_Assignment_
Output range, inclusive: from the line containing "白皙|金鹰奖女星高清同框照:赵丽颖白皙完胜谭松韵,宋茜状态不如陶虹" to the line containing "LOUIS VUITTON BROOKLYN". Restate those lines from the data below word for word and only those.

_Listed entries_
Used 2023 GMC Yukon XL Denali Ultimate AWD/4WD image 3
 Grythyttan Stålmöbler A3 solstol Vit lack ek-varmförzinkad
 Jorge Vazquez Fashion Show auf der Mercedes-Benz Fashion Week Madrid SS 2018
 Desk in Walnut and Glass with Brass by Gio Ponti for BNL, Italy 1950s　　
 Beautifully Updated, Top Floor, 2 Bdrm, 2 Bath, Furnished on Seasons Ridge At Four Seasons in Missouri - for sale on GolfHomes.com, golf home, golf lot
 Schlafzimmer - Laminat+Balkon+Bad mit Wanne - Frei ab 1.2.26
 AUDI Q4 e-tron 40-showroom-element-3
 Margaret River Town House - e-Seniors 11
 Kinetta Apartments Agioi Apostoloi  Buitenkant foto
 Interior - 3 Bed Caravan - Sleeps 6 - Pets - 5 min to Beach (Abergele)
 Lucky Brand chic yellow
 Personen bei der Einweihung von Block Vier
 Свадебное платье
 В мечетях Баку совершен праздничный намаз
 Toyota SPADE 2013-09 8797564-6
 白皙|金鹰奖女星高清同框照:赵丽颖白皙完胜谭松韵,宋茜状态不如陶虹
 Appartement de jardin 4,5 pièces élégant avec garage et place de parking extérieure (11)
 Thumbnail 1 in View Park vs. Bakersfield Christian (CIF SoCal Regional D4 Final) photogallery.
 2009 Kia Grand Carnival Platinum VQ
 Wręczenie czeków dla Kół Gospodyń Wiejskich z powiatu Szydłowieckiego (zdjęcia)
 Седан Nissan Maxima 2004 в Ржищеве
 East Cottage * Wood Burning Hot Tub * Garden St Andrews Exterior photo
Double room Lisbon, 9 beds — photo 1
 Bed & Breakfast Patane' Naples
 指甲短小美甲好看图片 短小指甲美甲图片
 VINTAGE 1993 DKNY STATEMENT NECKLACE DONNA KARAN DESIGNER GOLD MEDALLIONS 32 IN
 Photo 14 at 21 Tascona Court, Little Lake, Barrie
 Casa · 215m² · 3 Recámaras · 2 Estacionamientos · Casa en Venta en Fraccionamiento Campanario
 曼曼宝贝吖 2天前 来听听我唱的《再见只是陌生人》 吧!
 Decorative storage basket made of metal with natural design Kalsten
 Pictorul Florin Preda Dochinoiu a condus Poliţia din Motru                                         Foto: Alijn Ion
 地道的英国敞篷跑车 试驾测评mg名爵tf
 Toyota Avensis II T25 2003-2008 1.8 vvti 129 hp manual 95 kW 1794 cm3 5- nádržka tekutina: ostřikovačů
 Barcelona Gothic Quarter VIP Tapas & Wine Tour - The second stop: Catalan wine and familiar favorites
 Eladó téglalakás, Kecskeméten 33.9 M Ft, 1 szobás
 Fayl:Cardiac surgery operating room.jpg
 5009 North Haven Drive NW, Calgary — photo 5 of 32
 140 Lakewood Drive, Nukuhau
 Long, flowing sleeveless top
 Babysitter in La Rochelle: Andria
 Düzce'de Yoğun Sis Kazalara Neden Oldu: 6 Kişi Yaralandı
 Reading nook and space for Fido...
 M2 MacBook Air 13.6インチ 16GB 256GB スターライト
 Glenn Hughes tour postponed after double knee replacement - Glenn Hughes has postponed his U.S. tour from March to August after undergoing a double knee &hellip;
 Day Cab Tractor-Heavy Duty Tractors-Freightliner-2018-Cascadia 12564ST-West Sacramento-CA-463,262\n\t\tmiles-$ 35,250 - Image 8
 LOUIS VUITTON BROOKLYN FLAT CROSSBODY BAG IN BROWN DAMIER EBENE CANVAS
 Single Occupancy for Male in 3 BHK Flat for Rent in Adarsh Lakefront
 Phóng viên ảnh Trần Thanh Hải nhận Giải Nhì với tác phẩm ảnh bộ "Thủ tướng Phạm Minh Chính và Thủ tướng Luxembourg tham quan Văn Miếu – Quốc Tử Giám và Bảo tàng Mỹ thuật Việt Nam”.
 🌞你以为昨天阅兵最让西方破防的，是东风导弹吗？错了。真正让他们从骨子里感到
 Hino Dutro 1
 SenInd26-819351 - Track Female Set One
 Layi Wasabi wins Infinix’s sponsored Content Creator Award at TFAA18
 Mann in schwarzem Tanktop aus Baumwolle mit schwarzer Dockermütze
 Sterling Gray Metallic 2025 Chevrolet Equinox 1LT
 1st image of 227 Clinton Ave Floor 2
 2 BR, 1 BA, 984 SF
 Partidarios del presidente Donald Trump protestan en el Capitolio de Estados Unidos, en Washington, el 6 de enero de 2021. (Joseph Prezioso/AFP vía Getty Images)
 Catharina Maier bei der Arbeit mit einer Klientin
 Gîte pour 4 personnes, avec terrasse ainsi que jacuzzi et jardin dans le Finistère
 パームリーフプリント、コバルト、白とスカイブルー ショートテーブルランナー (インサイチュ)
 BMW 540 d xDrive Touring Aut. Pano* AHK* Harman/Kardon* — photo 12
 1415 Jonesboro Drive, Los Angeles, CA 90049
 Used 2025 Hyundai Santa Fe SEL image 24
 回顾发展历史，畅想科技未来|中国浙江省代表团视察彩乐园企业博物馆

_Answer space_
 白皙|金鹰奖女星高清同框照:赵丽颖白皙完胜谭松韵,宋茜状态不如陶虹
 Appartement de jardin 4,5 pièces élégant avec garage et place de parking extérieure (11)
 Thumbnail 1 in View Park vs. Bakersfield Christian (CIF SoCal Regional D4 Final) photogallery.
 2009 Kia Grand Carnival Platinum VQ
 Wręczenie czeków dla Kół Gospodyń Wiejskich z powiatu Szydłowieckiego (zdjęcia)
 Седан Nissan Maxima 2004 в Ржищеве
 East Cottage * Wood Burning Hot Tub * Garden St Andrews Exterior photo
Double room Lisbon, 9 beds — photo 1
 Bed & Breakfast Patane' Naples
 指甲短小美甲好看图片 短小指甲美甲图片
 VINTAGE 1993 DKNY STATEMENT NECKLACE DONNA KARAN DESIGNER GOLD MEDALLIONS 32 IN
 Photo 14 at 21 Tascona Court, Little Lake, Barrie
 Casa · 215m² · 3 Recámaras · 2 Estacionamientos · Casa en Venta en Fraccionamiento Campanario
 曼曼宝贝吖 2天前 来听听我唱的《再见只是陌生人》 吧!
 Decorative storage basket made of metal with natural design Kalsten
 Pictorul Florin Preda Dochinoiu a condus Poliţia din Motru                                         Foto: Alijn Ion
 地道的英国敞篷跑车 试驾测评mg名爵tf
 Toyota Avensis II T25 2003-2008 1.8 vvti 129 hp manual 95 kW 1794 cm3 5- nádržka tekutina: ostřikovačů
 Barcelona Gothic Quarter VIP Tapas & Wine Tour - The second stop: Catalan wine and familiar favorites
 Eladó téglalakás, Kecskeméten 33.9 M Ft, 1 szobás
 Fayl:Cardiac surgery operating room.jpg
 5009 North Haven Drive NW, Calgary — photo 5 of 32
 140 Lakewood Drive, Nukuhau
 Long, flowing sleeveless top
 Babysitter in La Rochelle: Andria
 Düzce'de Yoğun Sis Kazalara Neden Oldu: 6 Kişi Yaralandı
 Reading nook and space for Fido...
 M2 MacBook Air 13.6インチ 16GB 256GB スターライト
 Glenn Hughes tour postponed after double knee replacement - Glenn Hughes has postponed his U.S. tour from March to August after undergoing a double knee &hellip;
 Day Cab Tractor-Heavy Duty Tractors-Freightliner-2018-Cascadia 12564ST-West Sacramento-CA-463,262\n\t\tmiles-$ 35,250 - Image 8
 LOUIS VUITTON BROOKLYN FLAT CROSSBODY BAG IN BROWN DAMIER EBENE CANVAS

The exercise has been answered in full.